(Extracted data entries)
☆ ☆ ☆ ☆

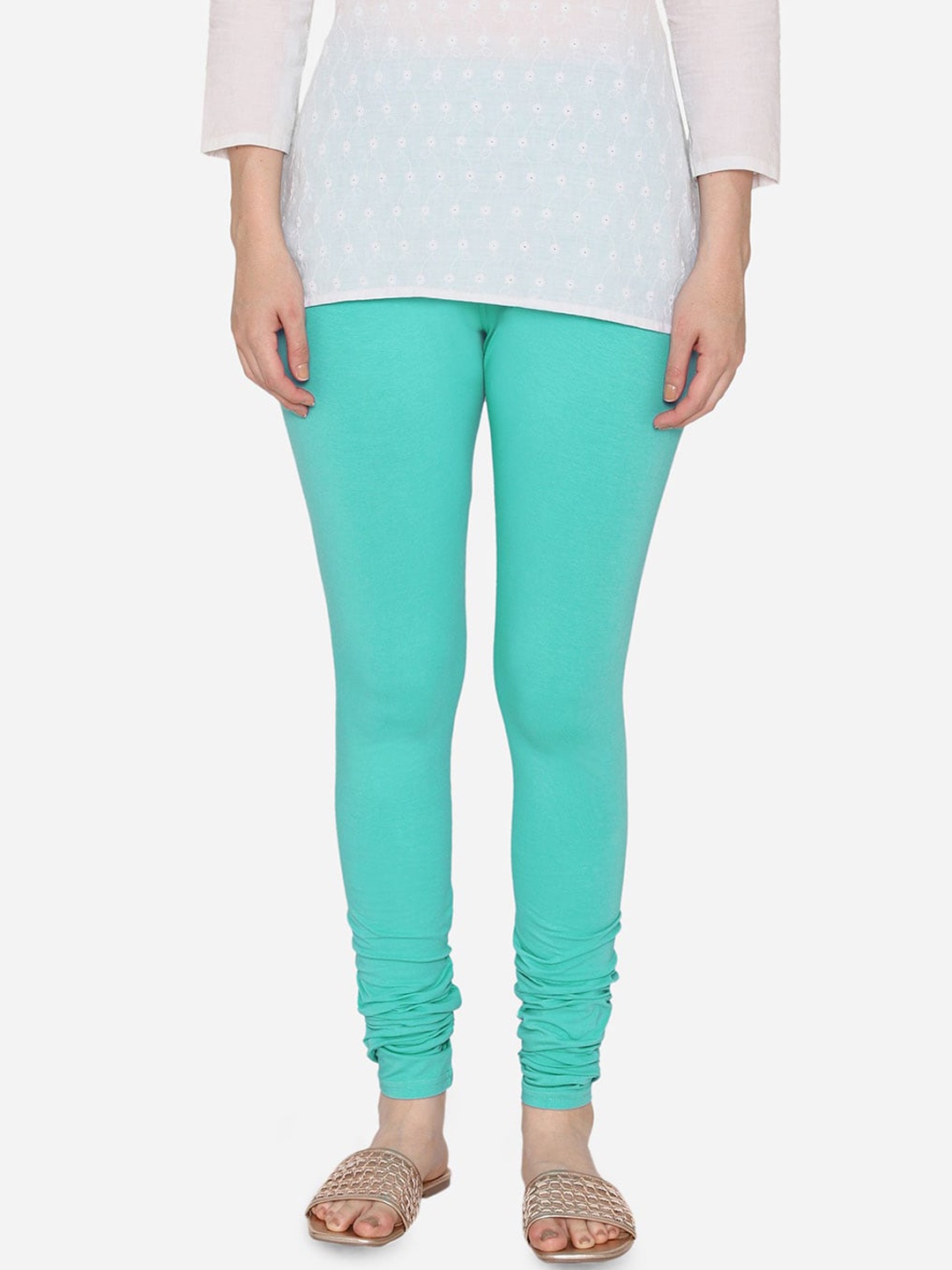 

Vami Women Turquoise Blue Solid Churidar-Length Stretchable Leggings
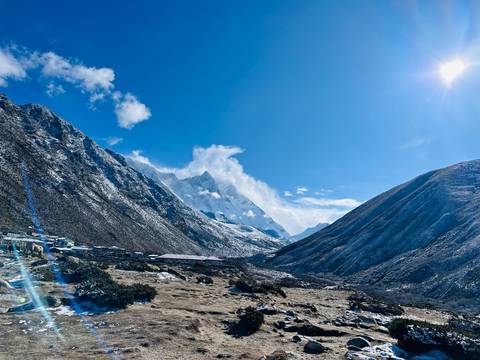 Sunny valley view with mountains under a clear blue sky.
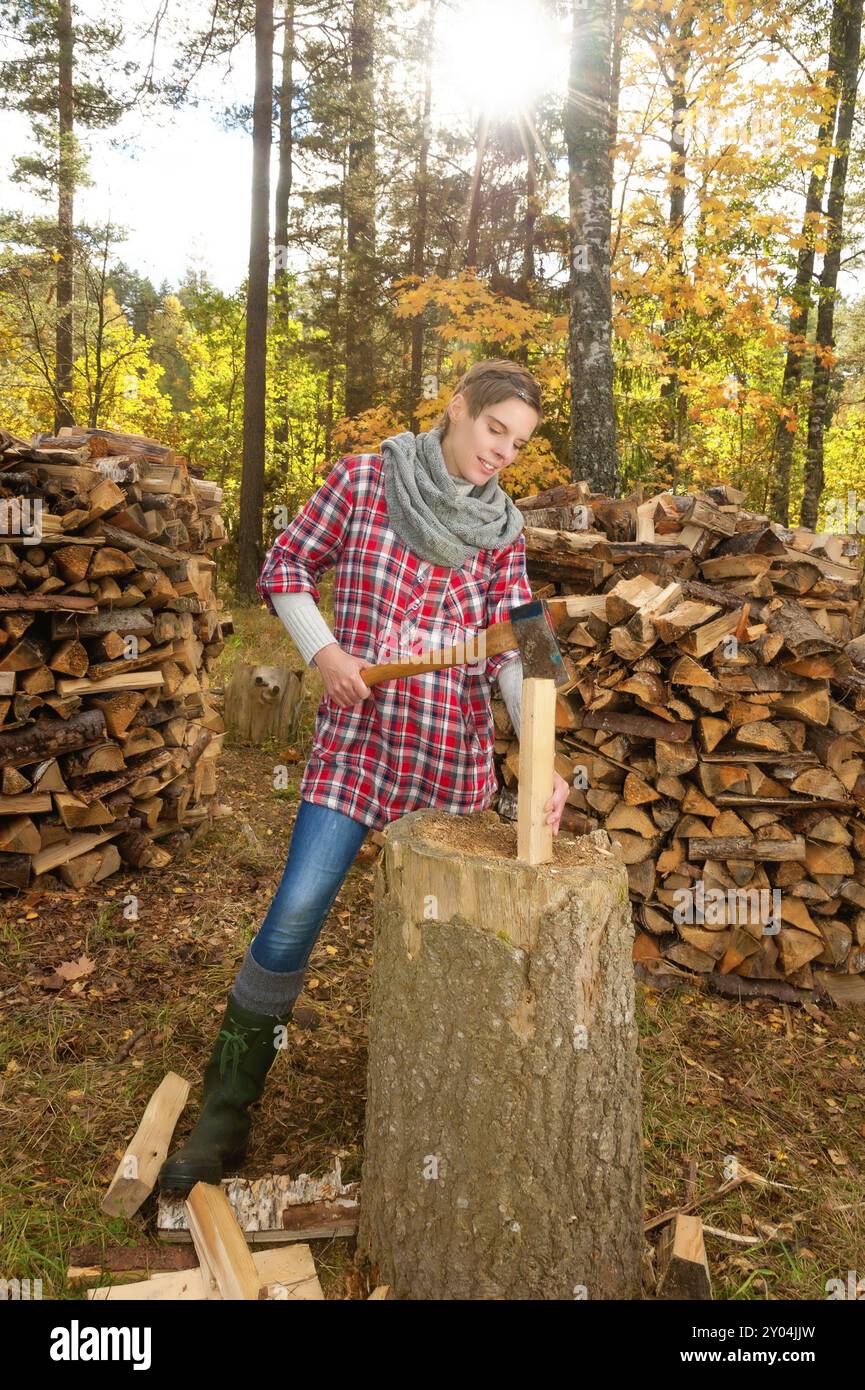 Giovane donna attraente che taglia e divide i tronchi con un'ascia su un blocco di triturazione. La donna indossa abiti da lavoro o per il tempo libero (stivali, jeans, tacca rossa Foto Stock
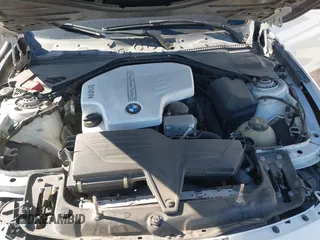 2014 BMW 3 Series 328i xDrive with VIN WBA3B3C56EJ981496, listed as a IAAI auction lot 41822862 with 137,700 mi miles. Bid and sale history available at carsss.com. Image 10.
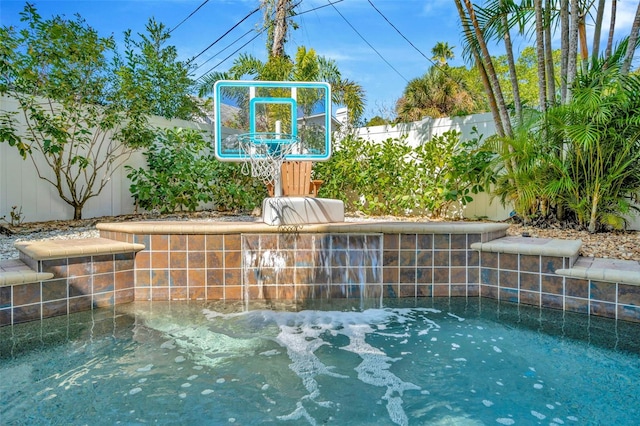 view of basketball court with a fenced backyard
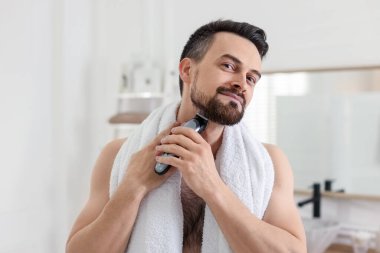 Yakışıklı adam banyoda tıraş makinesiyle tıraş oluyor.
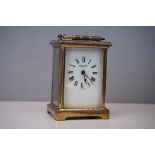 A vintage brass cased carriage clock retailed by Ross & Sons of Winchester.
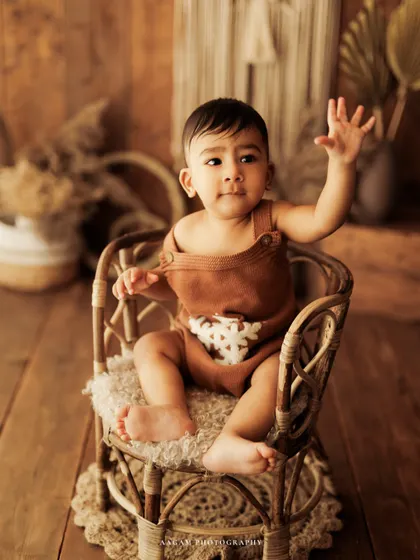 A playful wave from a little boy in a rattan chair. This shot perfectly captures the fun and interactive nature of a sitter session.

☆ ☆ ☆ ☆

*Problem to work on*: Where the line containing "A vintage brass" appears, begin copying there and continue exactly through the final line of the records; both end lines belong in the copy, pictures do not.

*Response area*:
 A vintage brass cased carriage clock retailed by Ross & Sons of Winchester.
 A playful wave from a little boy in a rattan chair. This shot perfectly captures the fun and interactive nature of a sitter session.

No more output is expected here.